Early concerns about being isolated from real life were unfounded. In recent weeks I have had the privilege of attending a fascinating meeting with 25 participants from various EU countries, often speaking across each other to defend their position and talk down the opposition, with varying degrees of proficiency in French. An equivalent meeting in the UK would have been rather less passionate. Not being a native French speaker it was exhausting, but after three hours the chair asked for my impressions. I hope my attempt at being polite, but succinct in my response, worked. Shortly afterwards, out of the room’s floor-to-ceiling window, a large dog appeared on the boardroom terrace. His raised eyebrow suggested my etiquette needed work. Taking a dog to such a meeting gave it a human dimension uncommon in the UK.
Despite being an observer, I was also woven into commercial court proceedings the other day. My chaperone for the afternoon had just delivered a tour de force without speaking notes. When it became obvious to the judges that his opponent was insufficiently prepared to respond, the chair of a three-judge bench, assuming me to be one of the commercial clients, addressed me directly. She asked for my position on a killer question. Happily, my colleague came to my rescue and explained I was an envoy from the UK.

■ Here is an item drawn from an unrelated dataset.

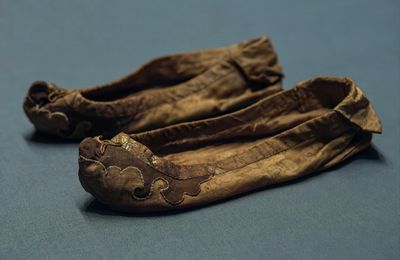 Brown Silk Shoes, Yuan Dynasty (1279-1368)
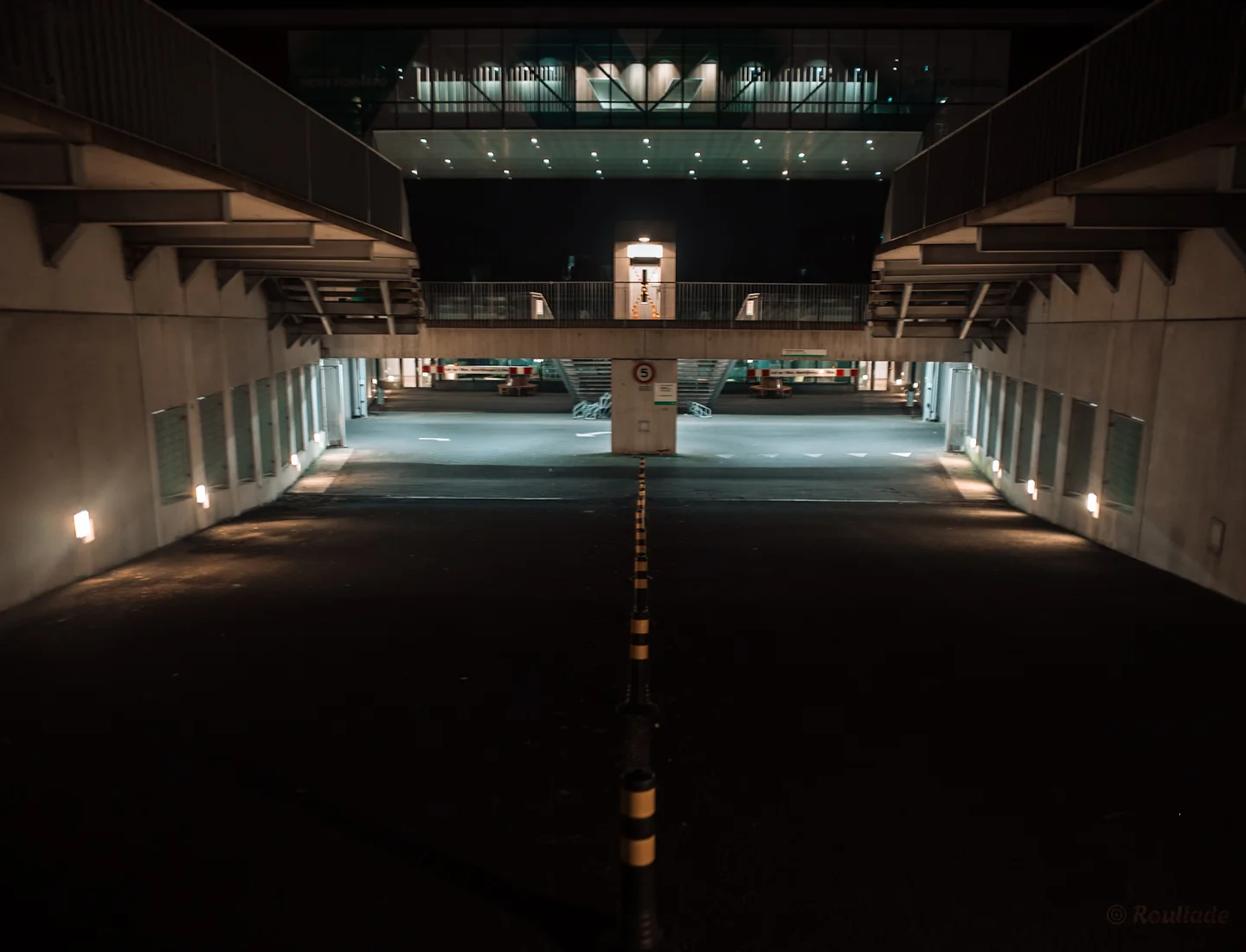 Media Glazen kantoorgebouw met pad in Zoetermeer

It has been a privilege to see under the bonnet, and how the business of law has been conducted in both of these settings. In quite the contrast to what might have been assumed, both of these events are reflective of the wider politeness and inclusion I have experienced. I learnt to mirror that politeness by greeting strangers in shops, and in the office lift, with a ‘bonjour’, and to wish them a good day as they stepped out. Whilst not naturally inclined to ‘over-share’, courtesies like that are expected. In court I saw a rather crestfallen chap arrive late for his case, only to be told that his case had been decided in his absence. His protestations that parking had been difficult, gained no traction. I hope he has a chequebook. Anyway, as he left court, the chair of the judging panel wished him a good afternoon in much the same way as if he was leaving a patisserie. It would have been thought rude if those pleasantries had not been exchanged.
That courtesy is also displayed on public transport. On one TGV, the ticket inspector entered the upper deck carriage wishing everyone bonjour. To my surprise, many of the passengers responded as if they were well acquainted. That civility was also seen in the quiet carriage. The passengers seemed to understand that ‘quiet carriage’ applied to them and their mobiles, and unlike the inexplicable behaviour often seen on some UK trains, not just to everyone else.
I had expected by this stage to have left a honeymoon period. Life here involves getting used to more restrictive Sunday shopping, the daily obstacle course of abandoned electric scooters, and a somewhat casual approach to signposting pavement hazards. However, on balance, those are outweighed by the other benefits of living in a city where climate, civility and shopping locally, all combine to improve your quality of life. Travel broadens the mind, and my placement here has done that for me.
The late broadcast essayist Alistair Cooke, he of the wonderful ‘Letters from America’ fame, said that he preferred radio to TV because the pictures were better. In signing off just now, it has been a joy that the cerebral pictures I had about life here, have been reflected by the reality.